Most evident are vast changes in social attitudes on gay rights. Just four years ago, there were still ballot initiatives in some states to restrict marriage to a man and a woman. Last year, the Supreme Court decision to legalize gay marriage aligned with a massive, virtually overnight shift in public attitudes. There’s no turning back, ever.
The once-dominant Christian Coalition is essentially bankrupt, Focus on the Family is now focusing on family ministry, not politics, and the Rev. Pat Robertson, once the biggest voice of the movement, has defended China’s former one-child policy, called for legalization of marijuana and excused Gen. David Petraeus’ adultery. Once-leading figures such as the Rev. Jerry Falwell have passed away, and James Dobson is off the air. The movement lacks a powerful organizational structure and has no leading spokesperson.
If Mr. Trump loses, the Christian Right will continue to fade. If Mr. Trump wins, he’s not likely to push its social agenda.

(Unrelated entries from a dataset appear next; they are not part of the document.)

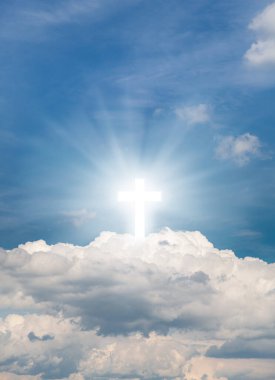 Kutsal Haç 'ın parladığı dini bir geçmiş. Hıristiyan gökyüzünde bulutlu bir haç. İsa Mesih 'in çarmıha gerilmesi. Cennet ve Cehennem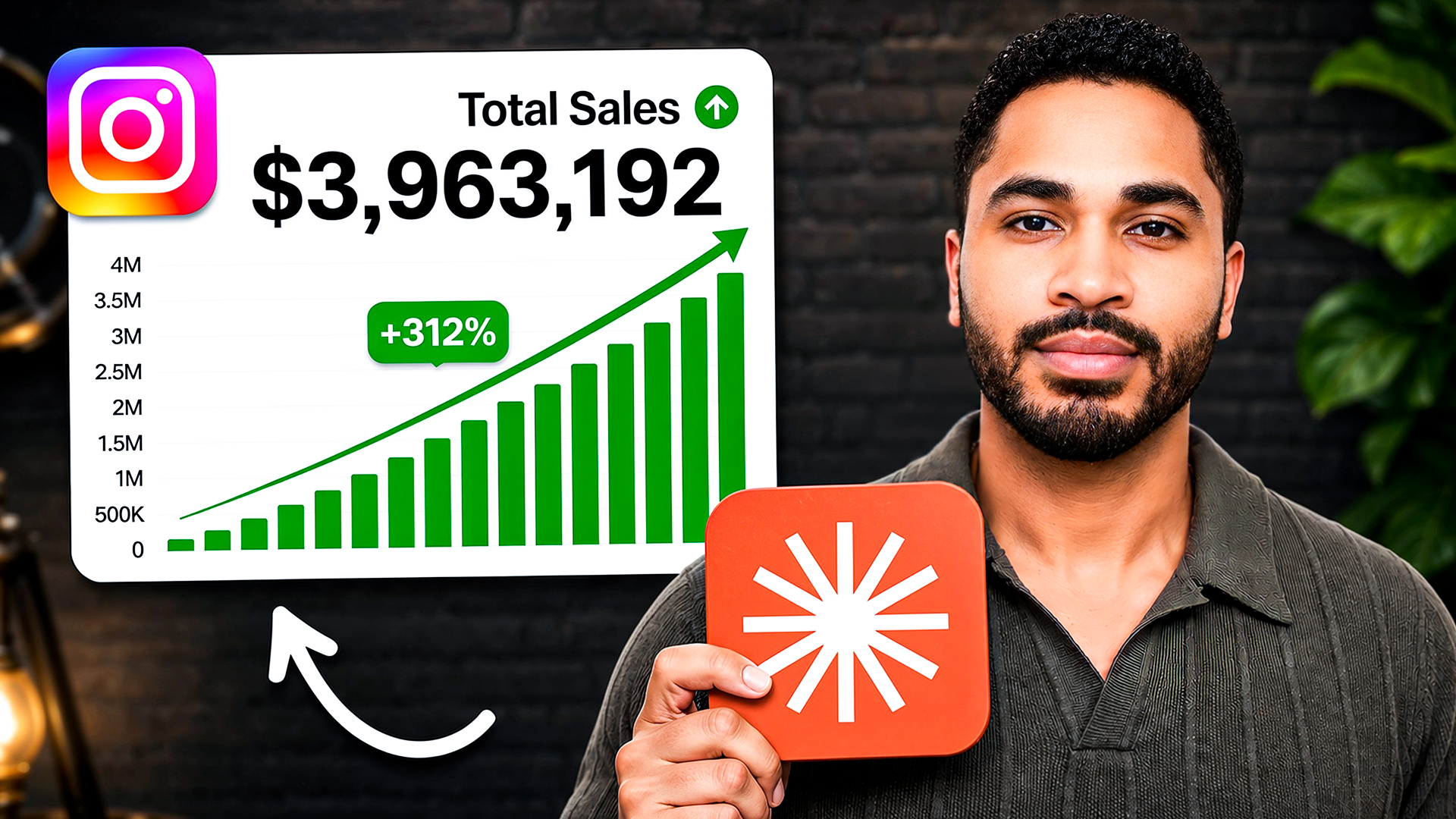 YouTube thumbnail design for business creator with bold headline and high contrast layout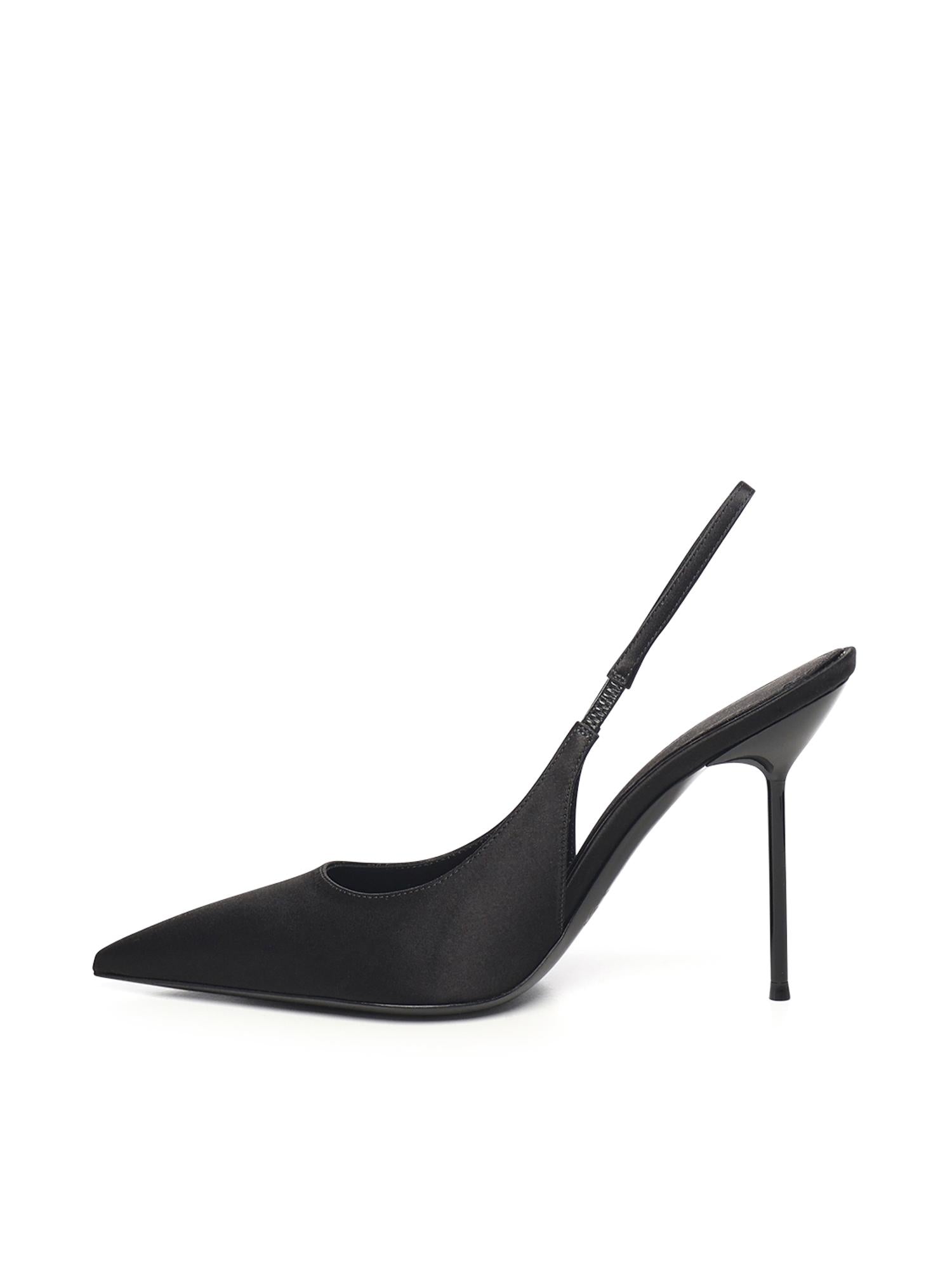 Slingback Lidia in raso PX913XTSAT BLACK PARIS TEXAS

Republican vice presidential nominee Mike Pence says electing Mr. Trump would result in the Supreme Court overturning the 1973 Roe v. Wade decision that legalized abortion nationwide. That would be the ultimate disaster for the Christian Right. Moving the abortion issue to the states would elevate its status as an electoral issue, crushing Republicans across the country as the vast majority of states would quickly act to legalize the procedure.
In the era of Donald Trump, it appears as if the Christian Right is sacrificing its principles even though it cannot win — even by winning.
Mark J. Rozell is dean of the Schar School of Policy and Government at George Mason University and the author of numerous studies on the intersection of religion and politics.